| Exercise requirements |
The lines to transcribe begin with the one containing "Poking out of" and end with the last line below; reproduce them exactly, without the pictures.

| Given data |
———

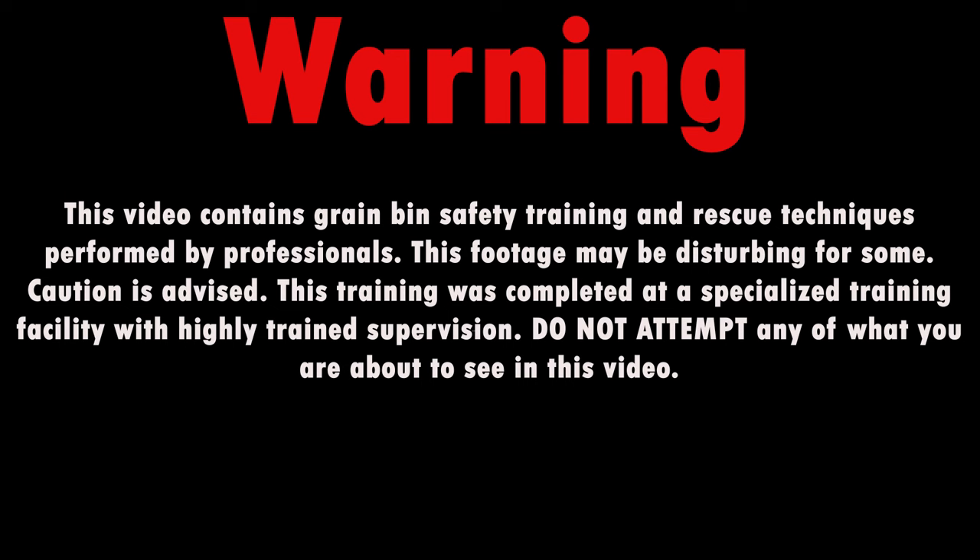Warning. This video contains grain bin safety training and rescue techniques performed by professionals. This footage may be disturbing for some. Caution is advised. This training was completed at a specialized training facility with highly trained supervision. Do not attempt any of what you are about to see in this video.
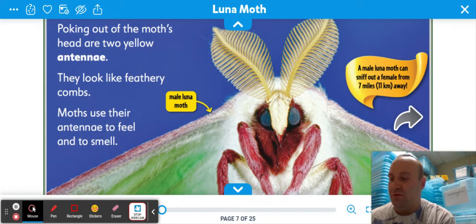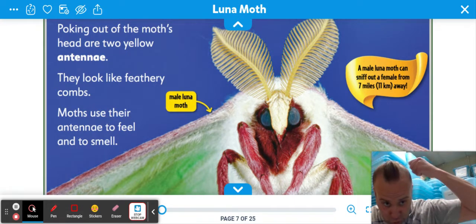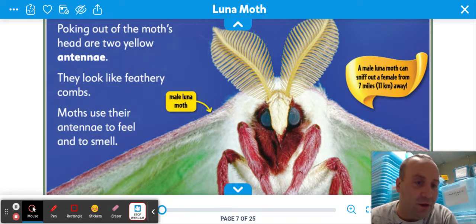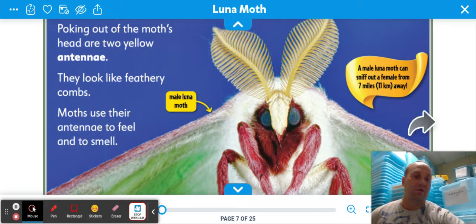Poking out of the moth's head are two yellow antennae — they look like feathery combs. They do kind of look like combs. Moths use their antennae to feel and to smell. Many insects use antennae for the same purpose. That's a male luna moth, and a male luna moth can sniff out a female from seven miles away. That's really far — they're using their sense of smell.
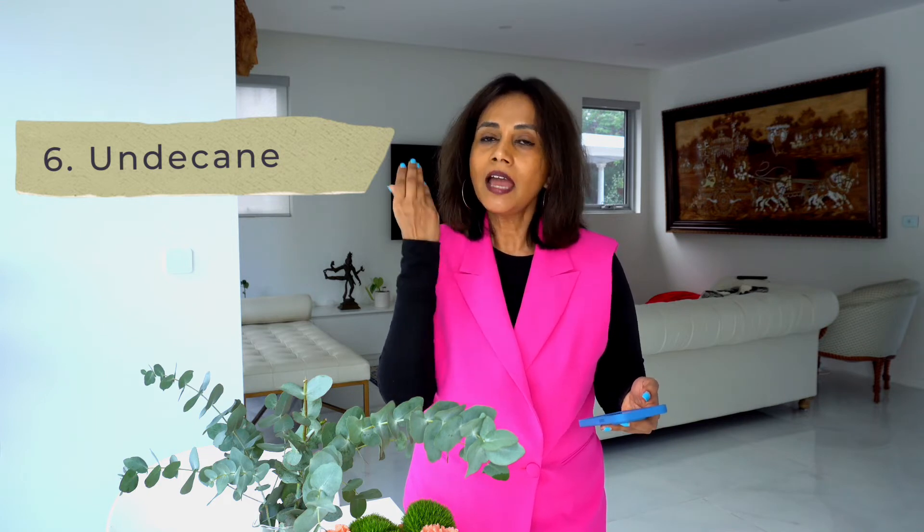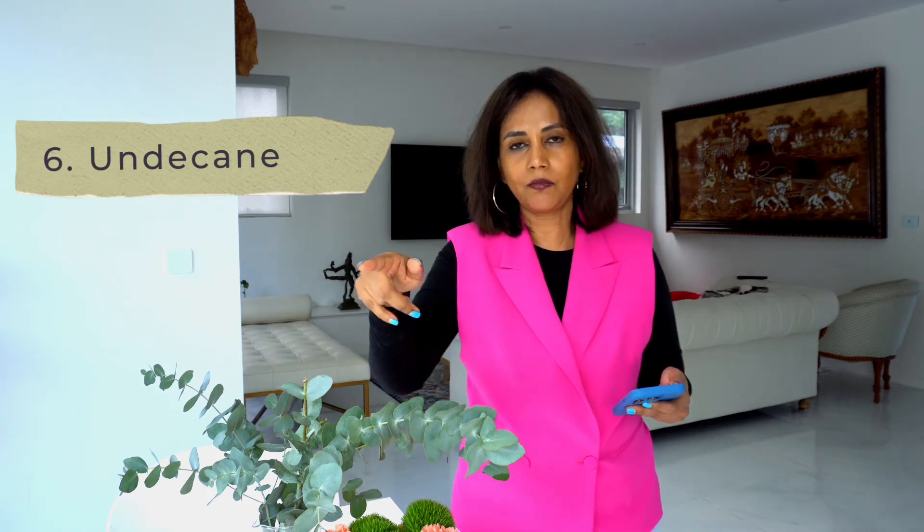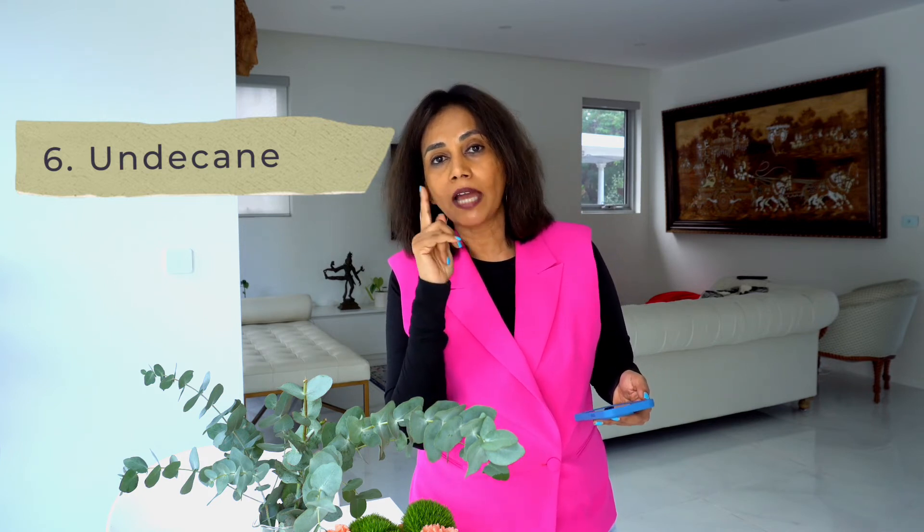Then we've got undecane. Undecane basically adds a smooth texture to the product so that when you touch it you get that smooth feel. It is also an emollient — it forms a thin layer on top of the skin, prevents water from the deeper layers from evaporating into the environment, keeps the skin soft and smooth for as long as it's on the skin, and fills up all the rough patches.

———

| Solution for this exercise |
Poking out of the moth's head are two yellow antennae — they look like feathery combs. They do kind of look like combs. Moths use their antennae to feel and to smell. Many insects use antennae for the same purpose. That's a male luna moth, and a male luna moth can sniff out a female from seven miles away. That's really far — they're using their sense of smell.
Then we've got undecane. Undecane basically adds a smooth texture to the product so that when you touch it you get that smooth feel. It is also an emollient — it forms a thin layer on top of the skin, prevents water from the deeper layers from evaporating into the environment, keeps the skin soft and smooth for as long as it's on the skin, and fills up all the rough patches.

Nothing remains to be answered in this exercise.